RAW DATA: Begin

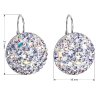17663 2 stribrne nausnice visaci s krystaly swarovski fialove kulate 31161 3 violet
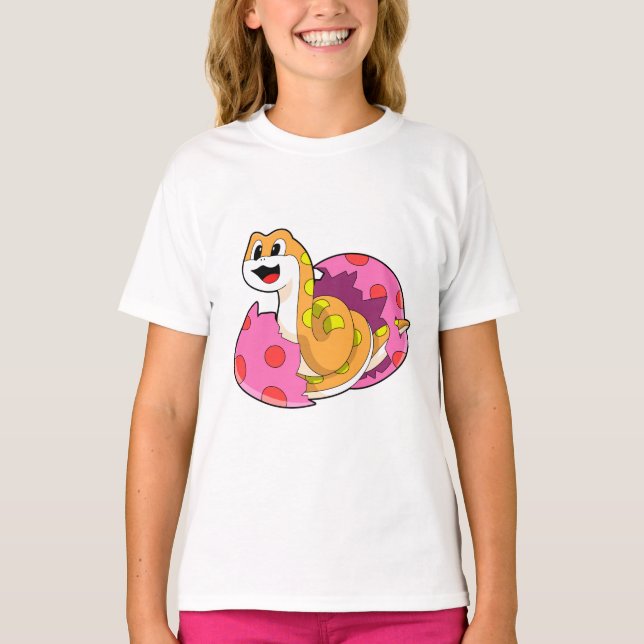 Camiseta Serpiente con huevo (Anverso)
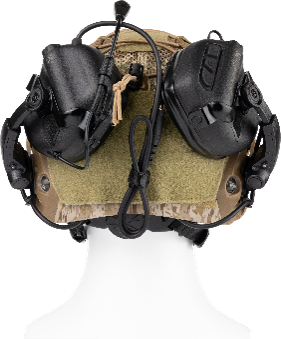 M32X Plus active hearing protectors with speech microphone, ARC helmet mount - black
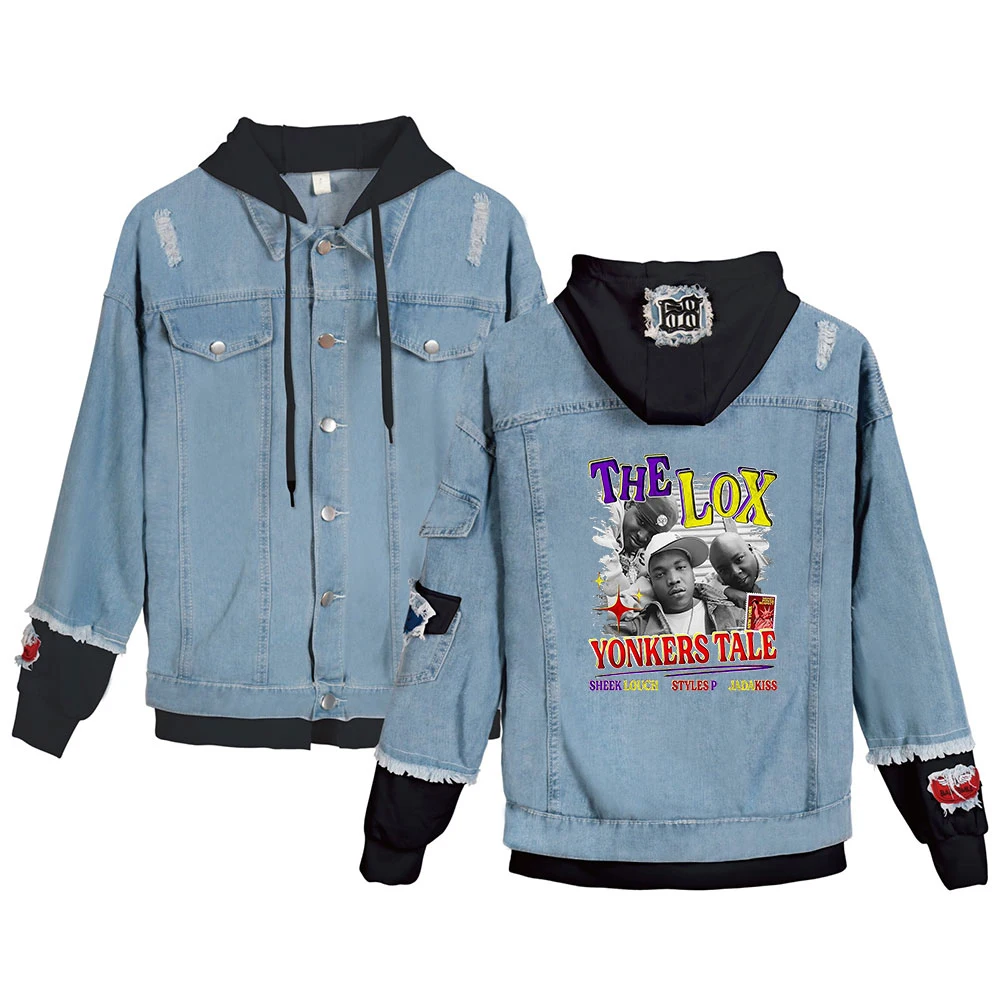 

2021 New Denim jacket The Lox 2D Print Casual Jacket Men Women Clothes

RAW DATA: End

ABOUT THIS TASK
Print out the whole listing word for word. Leave the pictures out.

SOLUTION
17663 2 stribrne nausnice visaci s krystaly swarovski fialove kulate 31161 3 violet
 Camiseta Serpiente con huevo (Anverso)
 M32X Plus active hearing protectors with speech microphone, ARC helmet mount - black

2021 New Denim jacket The Lox 2D Print Casual Jacket Men Women Clothes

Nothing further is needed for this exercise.